Quick Take
- Narration: Angie Martinez narrating her own memoir is the only option that makes sense, her cadence, her silences, and her Brooklyn inflections are the story.
- Themes: Identity and authenticity in male-dominated spaces, the East Coast hip hop era as a lived cultural moment, the private cost of public persona
- Mood: Nostalgic, energetic, and unexpectedly intimate
- Verdict: A memoir that earns its listening time by being genuinely specific about a particular world at a particular moment in American music history.
I grew up in a different city and a different relationship to hip hop than Angie Martinez did, but I started My Voice on a Thursday evening and finished it the following morning. That is not because the book is short, seven and a half hours is a real commitment, but because Martinez narrates her own story with the same quality she apparently brought to two decades of live radio: she makes you feel like you are in the room with her, and you do not want to leave.
Martinez is the Voice of New York, a title she earned through nearly two decades at Hot 97 and subsequently at Power 105.1. The memoir begins with her roots in Washington Heights, raised largely by a single mother, finding her way into radio through an internship and a degree of ambition that the book makes entirely believable. By twenty-five, she was conducting the last significant interview with Tupac Shakur before his death, an interview that has never aired in its entirety, and which she discusses here for the first time in meaningful detail.
Our Take on My Voice
The Tupac interview is the most discussed element of the book, and rightly so. Martinez handles it with a combination of specificity and restraint, she gives enough detail to make clear why the interview mattered and why she has kept its full content private, without using it as a promotional hook. What she describes is a conversation between two young people from New York, conducted in Las Vegas, weeks before Tupac was killed. The way she contextualizes that moment, within the East Coast/West Coast tension of 1996, within her own position at Hot 97, within her personal relationship with both coasts, is the kind of primary-source narrative that hip hop historians will return to.
Why Listen to My Voice
Beyond the Tupac chapter, the book is a genuine document of New York radio culture during one of the most consequential decades in hip hop history. Martinez was in the room, or on the phone, or at the event, for a remarkable number of moments that shaped that culture: Jay-Z’s early career, the feuds she mediated, the Barack Obama interview, the celebrity relationships she navigated carefully enough to maintain access without compromising her audience. Reviewers who grew up listening to Hot 97 consistently describe the memoir as triggering vivid, specific memories. But the book also works for listeners who were not part of that world, because Martinez is a good enough storyteller to translate the stakes of each scene for someone without the context.

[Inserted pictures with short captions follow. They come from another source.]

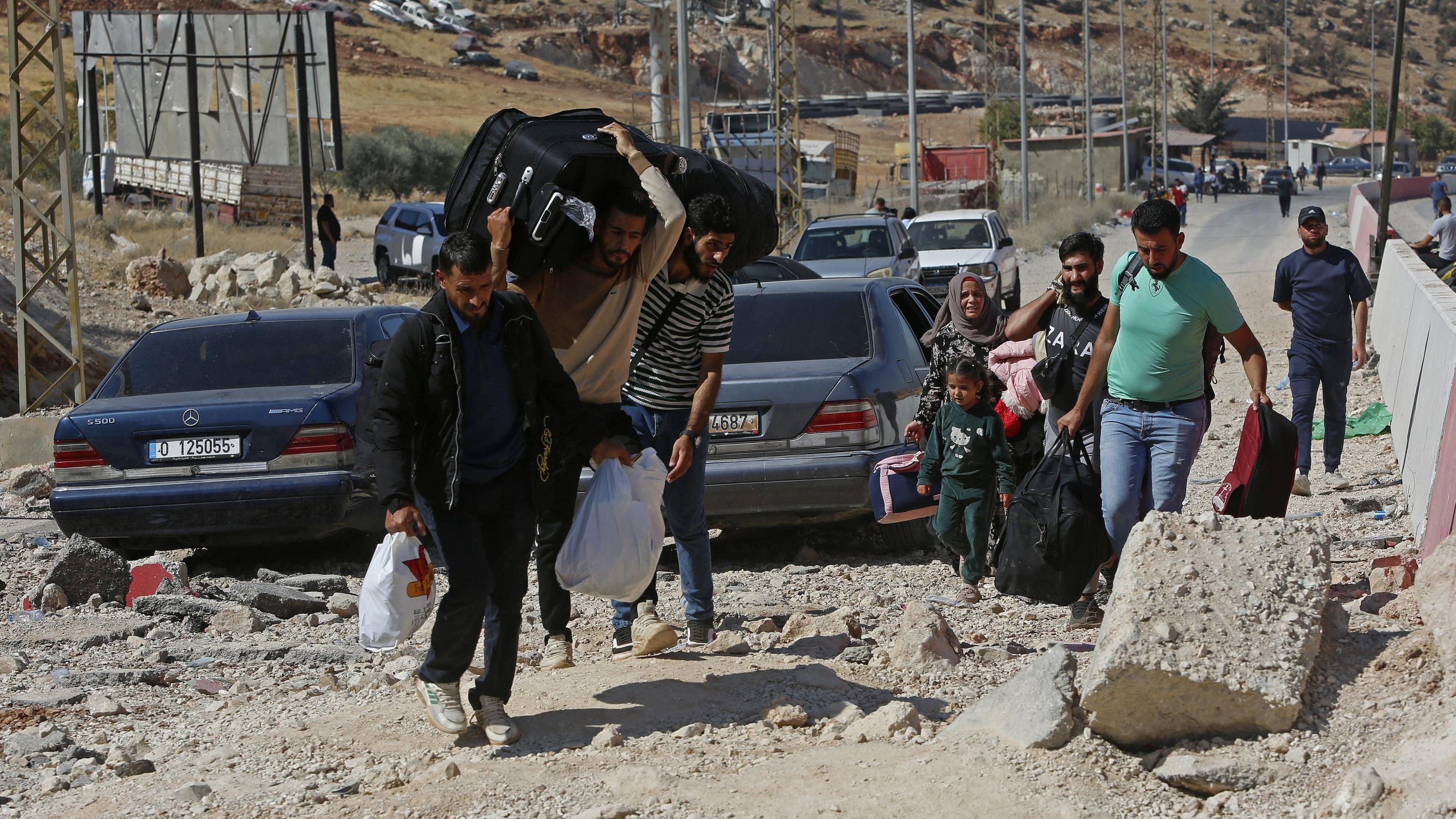 Sur la route de Damas, l’exode sans fin des réfugiés syriens du Liban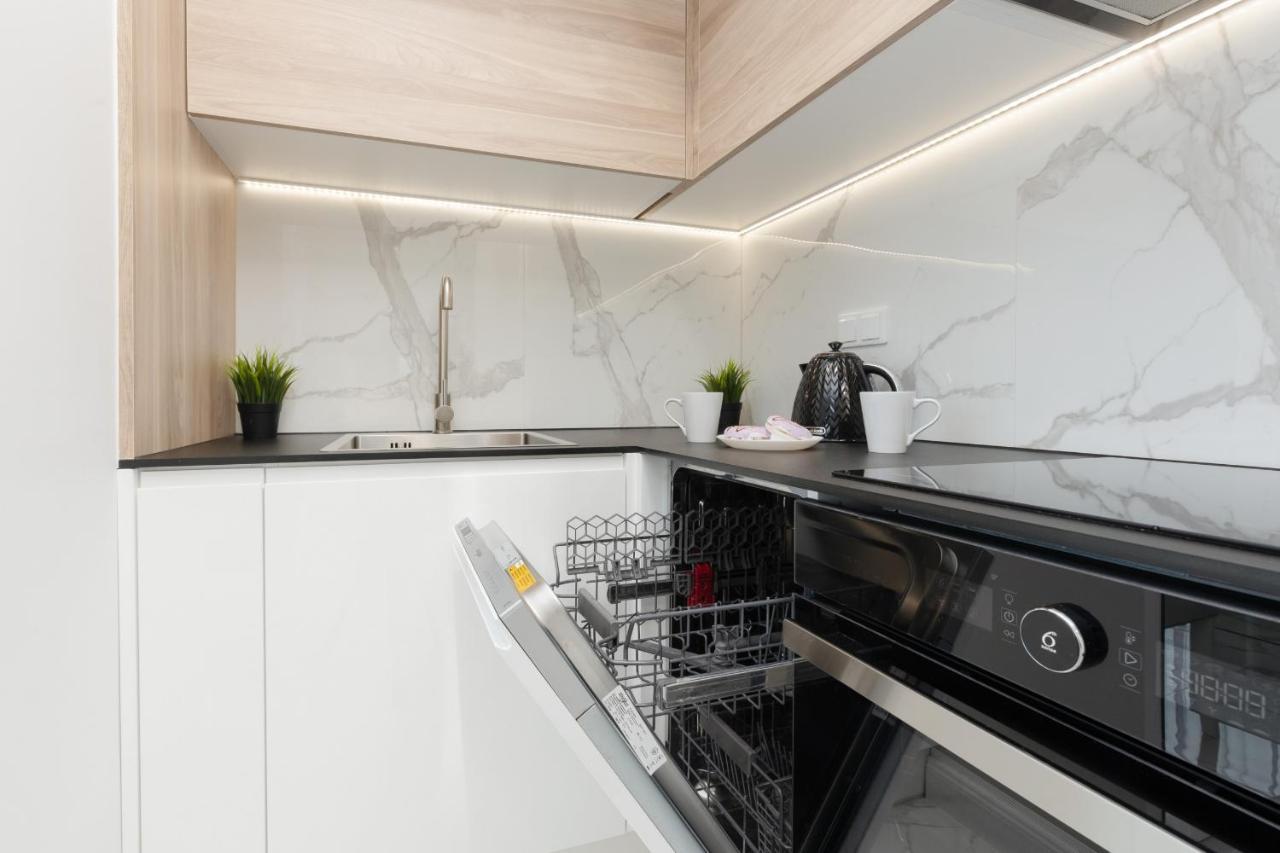 Cosy Apartment On Wola Goleszowska By Noclegi Renters Varsovie Extérieur photo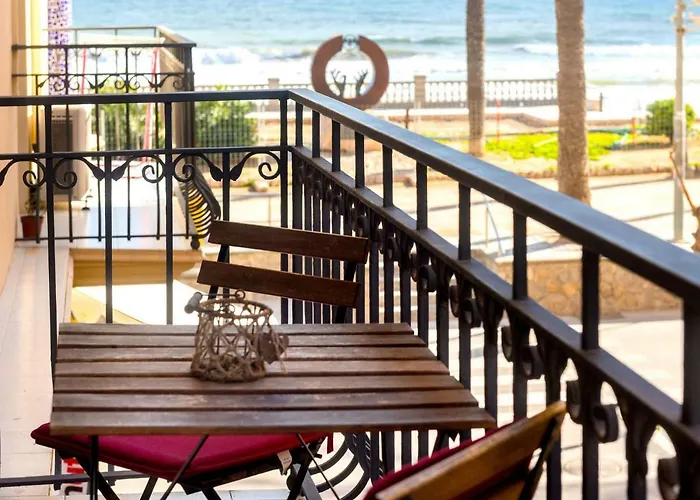 Primer De Maig By Interhome * Sitges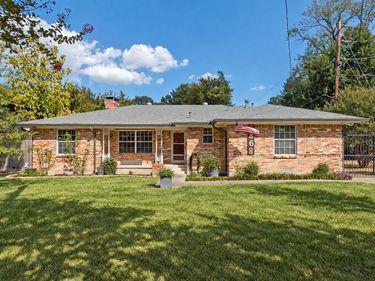 2868 Ripplewood Drive, Dallas, TX 75228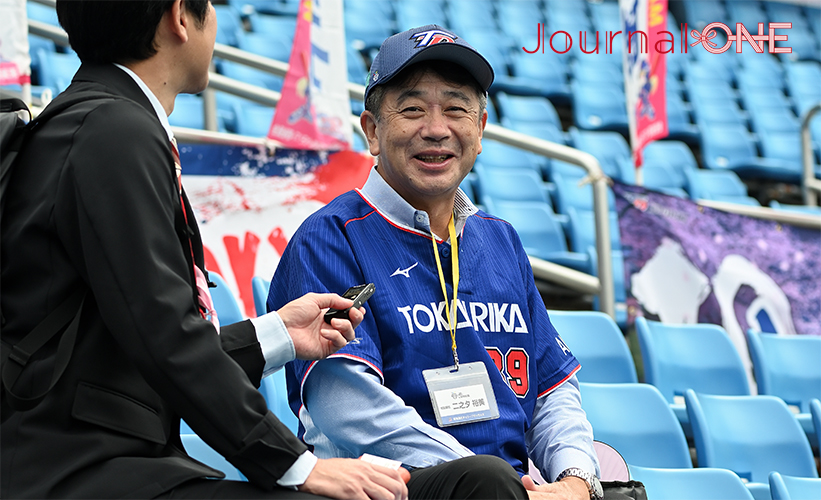ソフトボールJDリーグ| 松山ラウンドまで応援に駆けつけた東海理化チェリーブロッサムズの顧問で代表取締役社長の二之夕 裕美さん-Journal-ONE撮影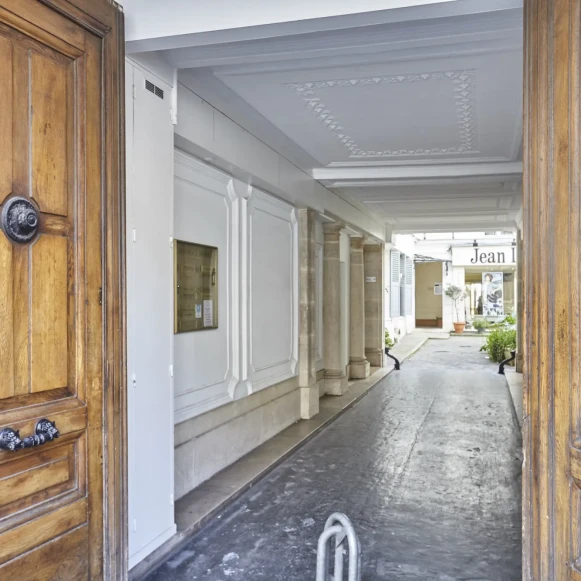 Bureau privé 22 m² 6 postes Location bureau Rue du Havre Paris 75009 - photo 1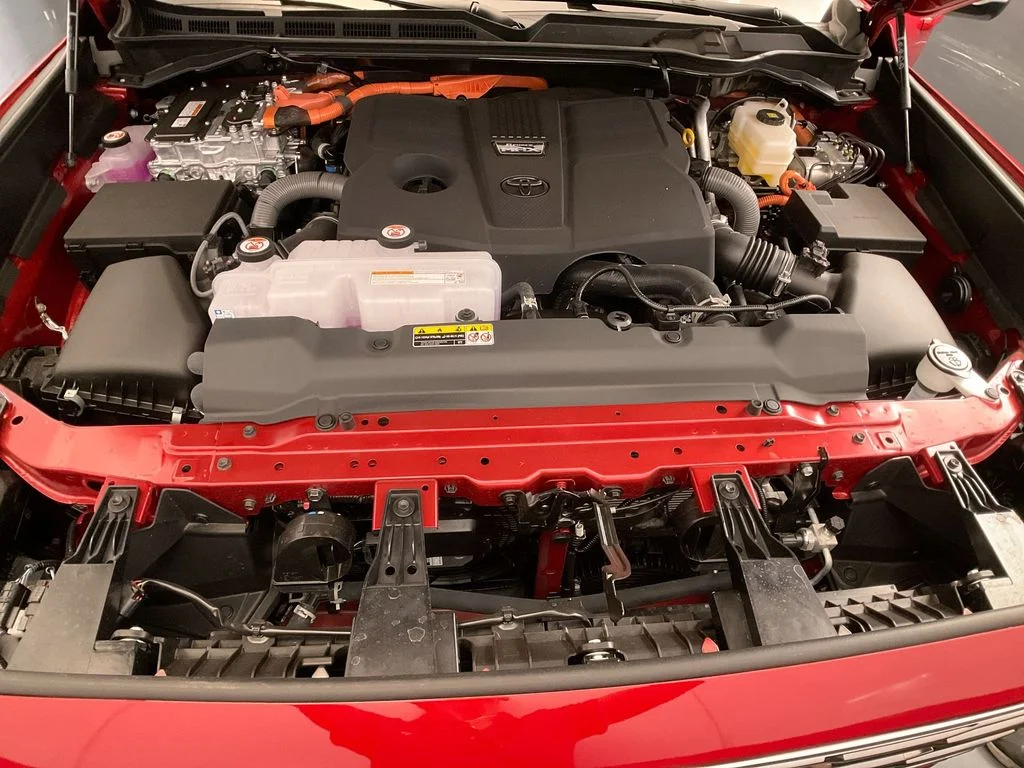 New 2026 Supersonic Red Toyota Platinum image 33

What to Watch For in My Voice
The memoir is more linear and more personally focused than readers expecting a behind-the-scenes industry exposé might anticipate. Martinez is candid about her personal life, relationships, motherhood, the specific loneliness of being a public figure whose real self is rarely visible, but she is protective of people she cares about and measured in her criticisms. The move from Hot 97 to Power 105.1, described as emotional and bittersweet, gets appropriate space without turning into grievance. Some readers may want more industry analysis or score-settling; Martinez is not that kind of memoirist. She is interested in the interior experience of her career, not the external accounting of it.
Who Should Listen to My Voice
Anyone with a serious interest in hip hop history, particularly the New York scene of the 1990s and 2000s, should consider this essential listening. It works equally well for readers interested in women’s professional memoirs, specifically, accounts of women who built careers in spaces that were not designed for them. Martinez’s experience navigating the masculine culture of hip hop radio, maintaining authenticity while managing celebrity relationships, and remaining grounded in a community identity despite massive public visibility is a story that resonates well beyond the specific industry she worked in. Listen in audio if you have the option; this one requires her voice.
Frequently Asked Questions
How much does Martinez reveal about the Tupac interview that has never fully aired?
She provides meaningful context and specific recollections without releasing the full interview content. She explains why the interview has remained private and describes the emotional atmosphere of the conversation. It is more revealing than any previous public account she has given, but listeners expecting a complete transcript of an unreleased interview will not find one here.
Is this memoir primarily for hip hop fans, or does it have broader appeal?
It has genuine broader appeal. The hip hop context gives the book its specificity, but the underlying story, a woman building a career in a space that did not expect her, navigating public visibility while protecting a private self, translates across industries and audiences. Listeners without deep hip hop knowledge may miss some cultural references but will follow the larger arc without difficulty.
Does Martinez address any controversy or conflicts from her career directly?
She addresses the Hot 97 to Power 105.1 move, her complicated position during the East Coast/West Coast conflict, and various professional tensions. She is candid but not combative. This is not a book that settles scores; it is a book that tries to make sense of a life lived largely in public.
How does the memoir handle Martinez’s personal life outside of radio?
She discusses her roots in Washington Heights, her relationship with her mother, her experience of motherhood, and her romantic relationships with a level of candor that surprised some reviewers who expected a purely professional memoir. The personal material is woven throughout rather than separated into a distinct section.